1.   Creating your own language is fun, but no one outside your group will understand you.  The cool girls in my elementary school had this language – I think it was the “idiga” language where they would insert “idig” in the middle of their words.  They could have long drawn out conversations with each other, but the other geeks and I couldn’t understand a word.  Maybe that’s why I react so strongly when I read health plan content that’s rife with terms like “provider,” “coinsurance” or “eligibility” (you can almost see the “idig” in that last one).  The uninitiated – meaning pretty much every consumer out there – won’t be able to understand it.  Health plans that want consumers to actually understand their benefits should stick to plain old English – preferably with few syllables.

2.  It’s easier to go out on a limb if you know your parents are behind you . . .  Most of us had one of those seminal childhood moments – first day in a new school where everyone already knew each other, standing up to a bully, returning to school after an embarrassing incident.  And if you didn’t have one of those moments, I’m sure you’ve seen the movie.  In all of those cases, it’s so much easier to step forward with confidence if your parents offered some advice and encouragement – and told you that they’d still love you no matter how things worked out.  The same is true in business.  It’s a lot easier to take a stand (and get others to follow your lead) when senior management has given you’re their blessing.

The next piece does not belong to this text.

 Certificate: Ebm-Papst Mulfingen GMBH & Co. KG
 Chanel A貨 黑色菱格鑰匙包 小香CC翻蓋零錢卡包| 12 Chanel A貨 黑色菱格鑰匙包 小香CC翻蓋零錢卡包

3.  . . . But your parents can’t protect you in every situation.  Yes, it was great to know your parents were backing you up.  But then there were situations that happened too fast – or maybe where you’d absorbed the lessons of some earlier advice – and you had to act on your own.  The same is true for customer experience professionals.  Sometimes you have to stand up against the “middle management mafia” without explicit executive backing because you know it is the right thing to do.  These situations are scary, but at least you walk out knowing you did the right thing.  And if the mean kids tease you anyway, you can always run and tell the teacher.

4.  If you make a promise, keep a promise.  This is perhaps the most important lesson we learn in kindergarten and then too often forget – maybe it’s because of those adolescent hormones.  In kindergarten, if you repeatedly failed to live up to your word, or stole, or were otherwise deceitful, your friends eventually left you for greener pastures.  So will your customers.  So whether your brand promise is to “make life a little easier,” or “improving healthcare one person at a time,” be sure you live up to your promise – in your products, your service, and every experience your customers have with you.